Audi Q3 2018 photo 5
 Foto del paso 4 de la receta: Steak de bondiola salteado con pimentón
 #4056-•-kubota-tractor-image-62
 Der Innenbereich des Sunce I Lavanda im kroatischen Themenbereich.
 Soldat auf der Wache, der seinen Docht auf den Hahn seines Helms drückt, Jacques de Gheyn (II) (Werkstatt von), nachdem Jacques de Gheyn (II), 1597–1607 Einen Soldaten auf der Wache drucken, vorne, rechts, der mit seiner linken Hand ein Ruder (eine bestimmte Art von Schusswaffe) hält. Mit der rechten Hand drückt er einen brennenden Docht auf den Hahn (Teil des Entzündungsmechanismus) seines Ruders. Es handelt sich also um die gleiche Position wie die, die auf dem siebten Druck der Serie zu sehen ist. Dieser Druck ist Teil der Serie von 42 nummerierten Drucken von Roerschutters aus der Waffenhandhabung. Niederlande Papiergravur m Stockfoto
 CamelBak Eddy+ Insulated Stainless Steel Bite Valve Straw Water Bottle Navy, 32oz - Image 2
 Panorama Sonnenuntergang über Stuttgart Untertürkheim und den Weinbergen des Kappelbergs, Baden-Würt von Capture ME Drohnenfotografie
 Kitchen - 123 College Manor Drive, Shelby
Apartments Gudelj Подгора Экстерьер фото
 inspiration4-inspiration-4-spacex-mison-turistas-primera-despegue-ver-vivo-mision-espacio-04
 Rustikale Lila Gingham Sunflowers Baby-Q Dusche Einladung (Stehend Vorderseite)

--*--

> What is expected
Without leaving out a single line, retype the material above exactly.

> Response
Audi Q3 2018 photo 5
 Foto del paso 4 de la receta: Steak de bondiola salteado con pimentón
 #4056-•-kubota-tractor-image-62
 Der Innenbereich des Sunce I Lavanda im kroatischen Themenbereich.
 Soldat auf der Wache, der seinen Docht auf den Hahn seines Helms drückt, Jacques de Gheyn (II) (Werkstatt von), nachdem Jacques de Gheyn (II), 1597–1607 Einen Soldaten auf der Wache drucken, vorne, rechts, der mit seiner linken Hand ein Ruder (eine bestimmte Art von Schusswaffe) hält. Mit der rechten Hand drückt er einen brennenden Docht auf den Hahn (Teil des Entzündungsmechanismus) seines Ruders. Es handelt sich also um die gleiche Position wie die, die auf dem siebten Druck der Serie zu sehen ist. Dieser Druck ist Teil der Serie von 42 nummerierten Drucken von Roerschutters aus der Waffenhandhabung. Niederlande Papiergravur m Stockfoto
 CamelBak Eddy+ Insulated Stainless Steel Bite Valve Straw Water Bottle Navy, 32oz - Image 2
 Panorama Sonnenuntergang über Stuttgart Untertürkheim und den Weinbergen des Kappelbergs, Baden-Würt von Capture ME Drohnenfotografie
 Kitchen - 123 College Manor Drive, Shelby
Apartments Gudelj Подгора Экстерьер фото
 inspiration4-inspiration-4-spacex-mison-turistas-primera-despegue-ver-vivo-mision-espacio-04
 Rustikale Lila Gingham Sunflowers Baby-Q Dusche Einladung (Stehend Vorderseite)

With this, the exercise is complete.